Recording Environment
The biggest problem when recording in people's homes is persistent extraneous background noise. If informants live on a busy road or near an airport, for example, there is usually no way in which a good quality recording can be made. Sometimes moving to another room in the informant's house will enable you to get far enough away from the source of the extraneous noise to make a satisfactory recording. Otherwise the only alternatives may be to try to move to the home of a neighbour, friend or relative, or to ask the informant to come to the collecting institution if better facilities are available there.
A good many minor extraneous noises can be and should be silenced. Clocks, fluorescent tubes, refrigerators and other electrical appliances are most common and can usually be stopped or moved. Dogs and budgerigars should also be 'silenced'. To deal with the noise problem interviewers must carefully assess the environment. Listen! If you can hear noises the microphone can too and they will always sound more distracting and prominent on the recording than they do to the interviewer at the time.
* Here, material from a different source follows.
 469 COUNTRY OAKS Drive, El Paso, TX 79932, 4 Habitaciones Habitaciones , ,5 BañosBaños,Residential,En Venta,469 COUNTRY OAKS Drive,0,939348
The best rooms for recording are those that contain a lot of soft furnishings and such things as curtains, carpets and rugs. This will usually be the living room. Technically, the bedroom is probably the next best recording area! Rather bare rooms, with a lot of hard reflective surfaces will give the recording an echoey, bathroom-type sound and should be avoided if possible.
Microphones which can be clipped to the informant's clothing are best suited to oral history interviewing requirements (see also Chapter 9). Apart from being small, and therefore unobtrusive, they permit almost complete flexibility in the matter of seating arrangements. You should place the informant and yourself in the most 'natural' setting. If the informant has a favourite or usual chair, that is where he should sit. Place yourself in a position where you are comfortable and can make good eye contact with him. In other words, you should arrange a social disposition and avoid 'staging' the interview.
If you are using a table standing microphone, the easiest way to work is to set up the microphone on a table (over which there is a table cloth or some other soft material) at which the interviewer and informant can sit on fairly upright chairs. Try to avoid easy chairs as these tend to throw the speaker too far back from the microphone to obtain a good recording level.
The recorder itself is best placed out of the informant's view (and never on the same table as the microphone), but in a position where the interviewer can see it easily. This is arranged most simply by the machine and the informant being on the opposite sides of the interviewer, so that his body serves as a screen.
Thus, in selecting your recording environment, there are three main considerations:-
a. Extraneous noise
b. The room acoustic
c. The convenience and comfort of informant and interviewer
Often you will have to compromise, because it will not be possible to meet all three conditions. In such cases, (a) and (c) above are the most important considerations for getting a good quality recording.